ABC_MRT(e:/soundfiles/MRT/,17,16,*), requires 16 .wav files of the form 
e:/soundfiles/MRT/C17/TT_bnn_wm_c17.wav

ABC_MRT16(e:/soundfiles/MRT/,1,1200,*), requires 1200 .wav files of the form 
e:/soundfiles/MRT/C01/TT_bnn_wm_c01.wav

ABC_MRT16(e:/soundfiles/MRT/,17,16,*), requires 16 .wav files of the form 
e:/soundfiles/MRT/C17/TT_bnn_wm_c17.wav

In every case the base of the filenames takes the form TT_bnn_wm with:

  TT=F1, F3, M3, or M4 (talker specification)
  nn=1 to 50 (list specification)
  m=1 to 6 (word specification)

(Note that 4 x 50 x 6 =1200, so these ranges allow specification of all 1200 files)

Demonstration

Run ABC_MRTdemo.m. It applies ABC_MRT to 6 different conditions, using just 16 .wav files per condition. The required files are provided in the demo directory.
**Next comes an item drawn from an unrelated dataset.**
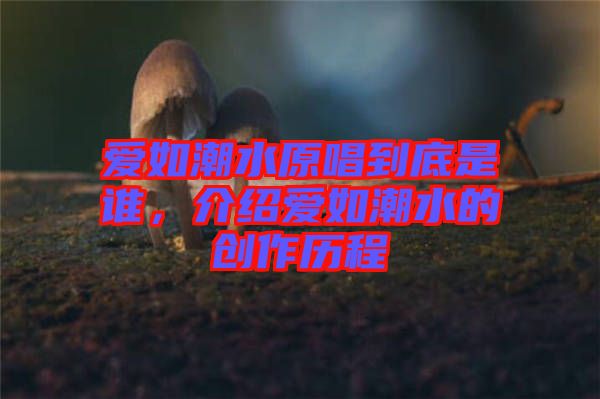 愛如潮水原唱到底是誰，介紹愛如潮水的創(chuàng)作歷程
The results (phi_hat values) are plotted against actual MRT scores. Using 16 files is fast and it shows how the software works, but it gives only rough results. In practice one should use as many files as practical.

Or run ABC_MRT16demo.m. It applies ABC_MRT16 to 6 different conditions, using just 16 .wav files per condition. The required files are provided in the demo directory. The results (phi_hat values) are plotted against actual MRT scores. Using 16 files is fast and it shows how the software works, but it gives only rough results. In practice one should use as many files as practical.

References

[1] S. Voran "Using articulation index band correlations to objectively estimate speech intelligibility consistent with the modified rhyme test," Proc. 2013 IEEE Workshop on Applications of Signal Processing to Audio and Acoustics, New Paltz, NY, October 20- 23, 2013. Available at www.its.bldrdoc.gov/audio after October 20, 2013.

[2] S. Voran "A multiple bandwidth objective speech intelligibility estimator based on articulation index band correlations and attention," Proc. 2017 IEEE International Conference on Acoustics, Speech, and Signal Processing, New Orleans, March 5-9, 2017. Available at www.its.bldrdoc.gov/audio.

[3] ANSI S3.2, "American national standard method for measuring the intelligibility of speech over communication systems," 1989.